Caption-style text data:
===
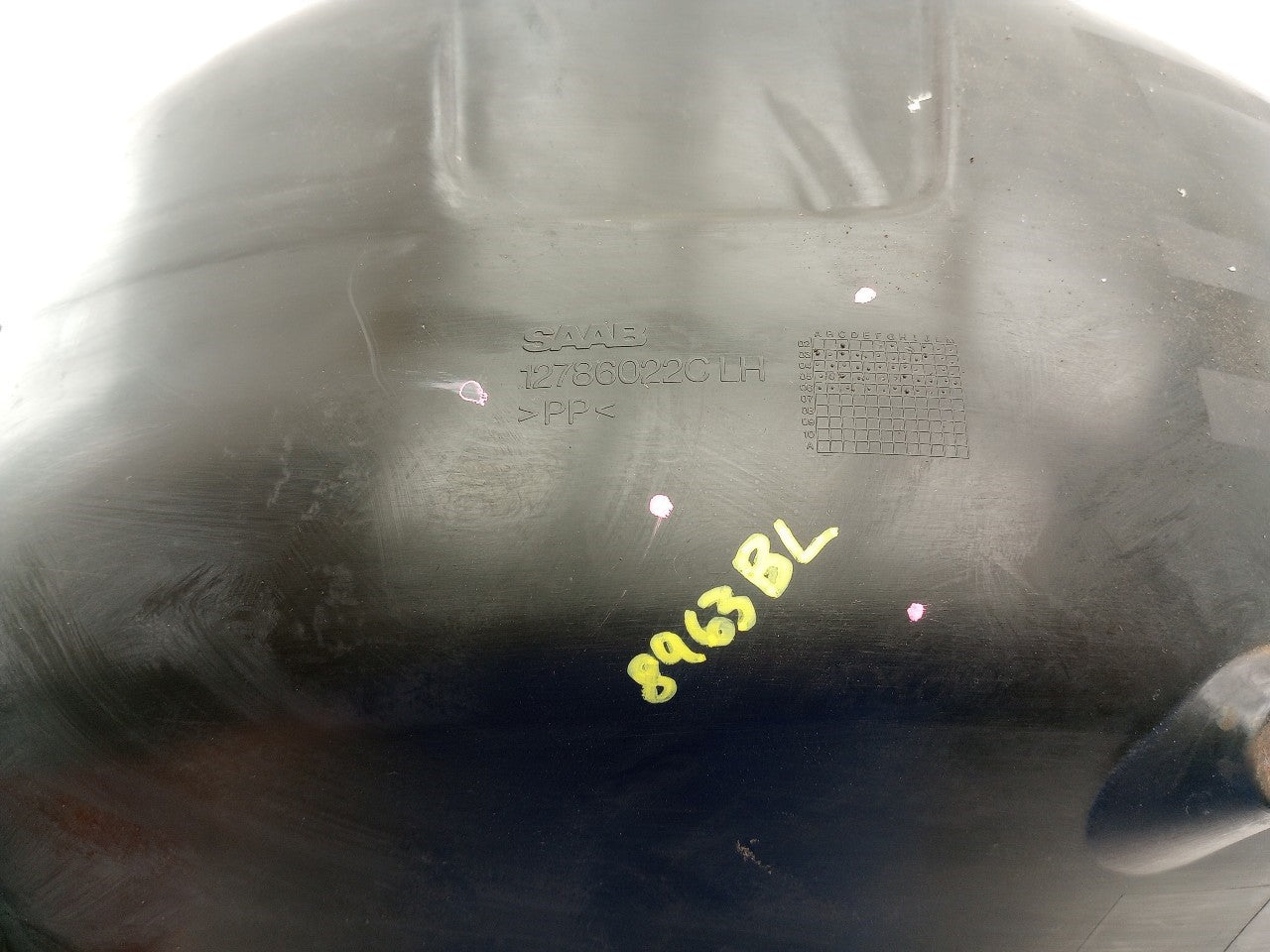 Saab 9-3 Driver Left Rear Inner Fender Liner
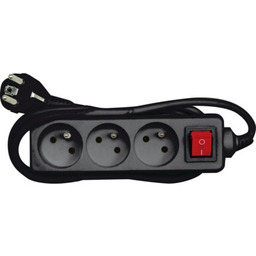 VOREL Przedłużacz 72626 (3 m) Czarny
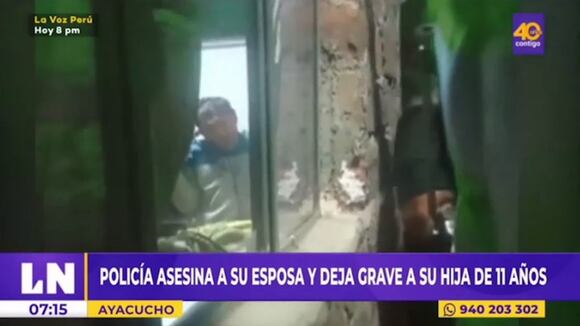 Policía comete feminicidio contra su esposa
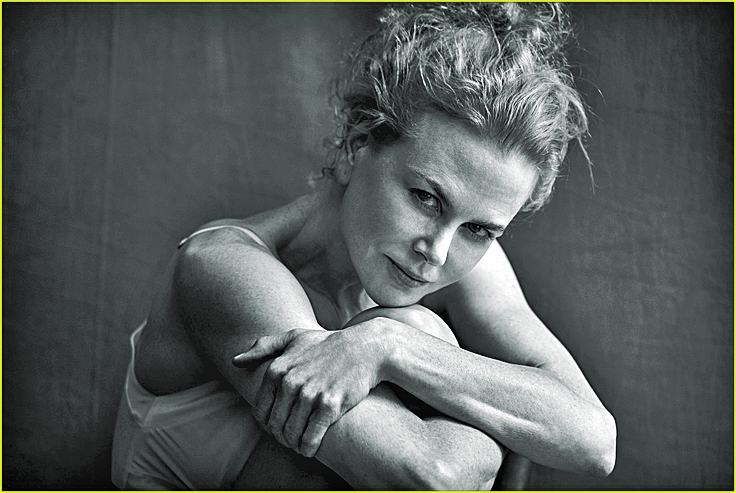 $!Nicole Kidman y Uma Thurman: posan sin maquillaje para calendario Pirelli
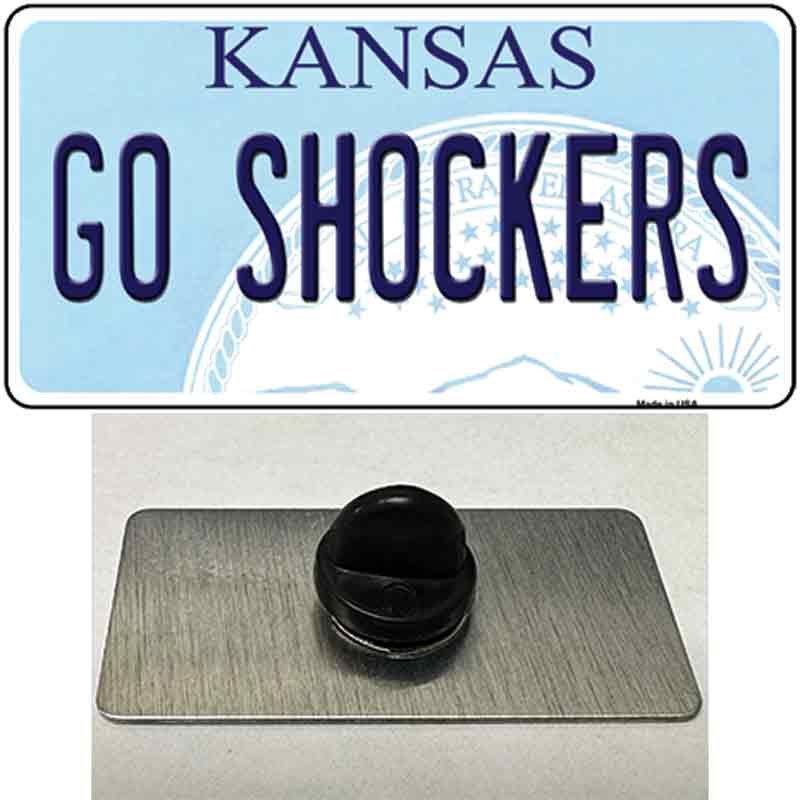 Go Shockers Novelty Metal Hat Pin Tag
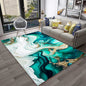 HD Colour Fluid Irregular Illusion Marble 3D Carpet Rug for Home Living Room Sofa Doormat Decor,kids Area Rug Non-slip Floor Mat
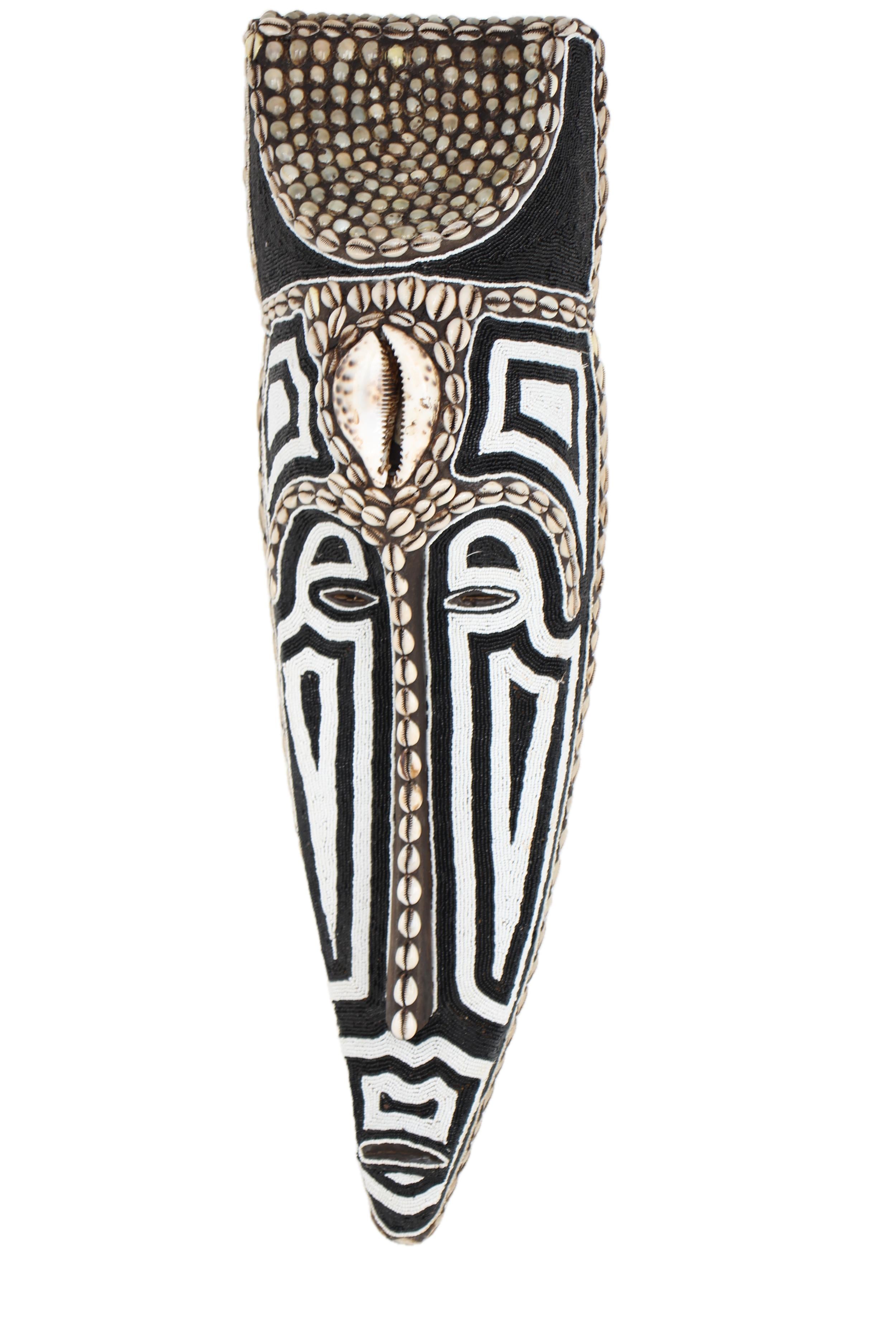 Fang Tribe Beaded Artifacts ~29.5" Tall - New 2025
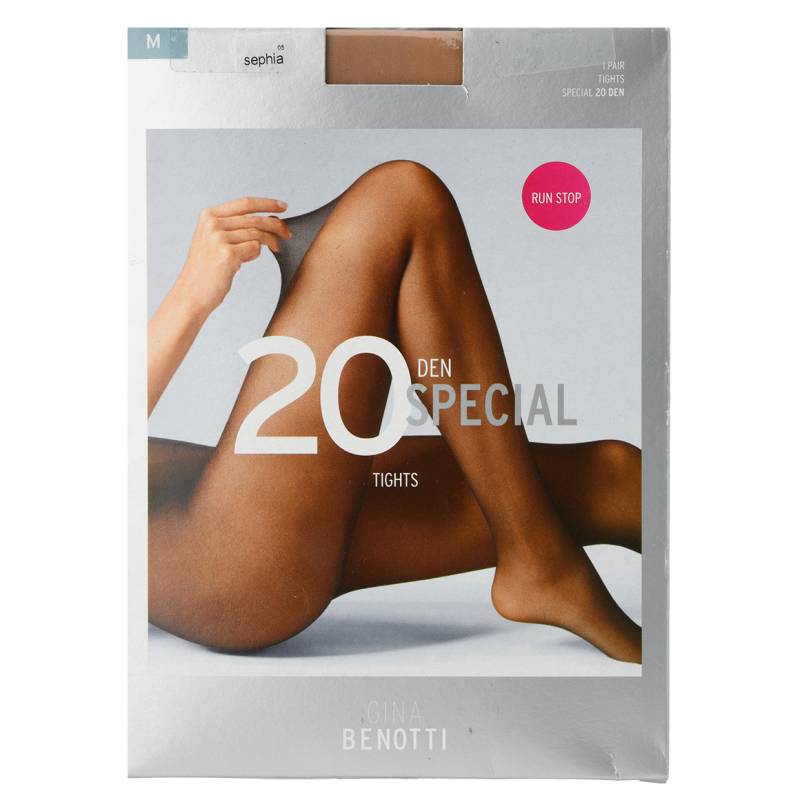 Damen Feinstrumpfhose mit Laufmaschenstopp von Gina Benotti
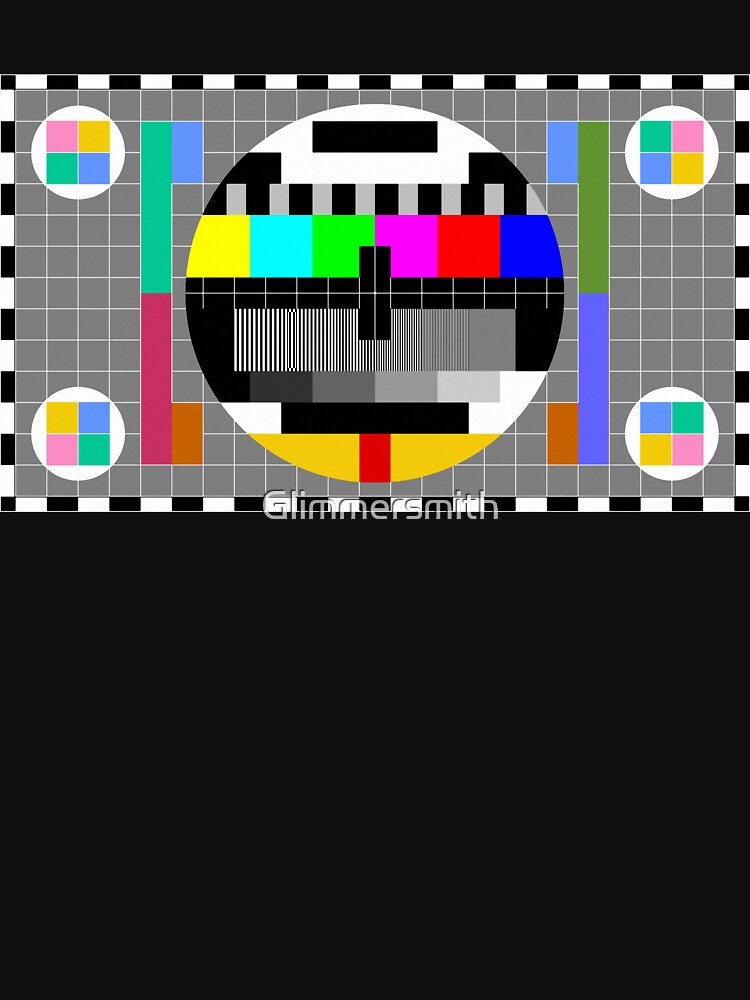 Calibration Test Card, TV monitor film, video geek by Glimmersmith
===
Print exactly the lines from the first line of the records above through the line containing "Go Shockers Novelty Metal Hat Pin Tag", leaving out the pictures.

Answer to the problem:
 Saab 9-3 Driver Left Rear Inner Fender Liner
 VOREL Przedłużacz 72626 (3 m) Czarny
 Policía comete feminicidio contra su esposa
 $!Nicole Kidman y Uma Thurman: posan sin maquillaje para calendario Pirelli
 Go Shockers Novelty Metal Hat Pin Tag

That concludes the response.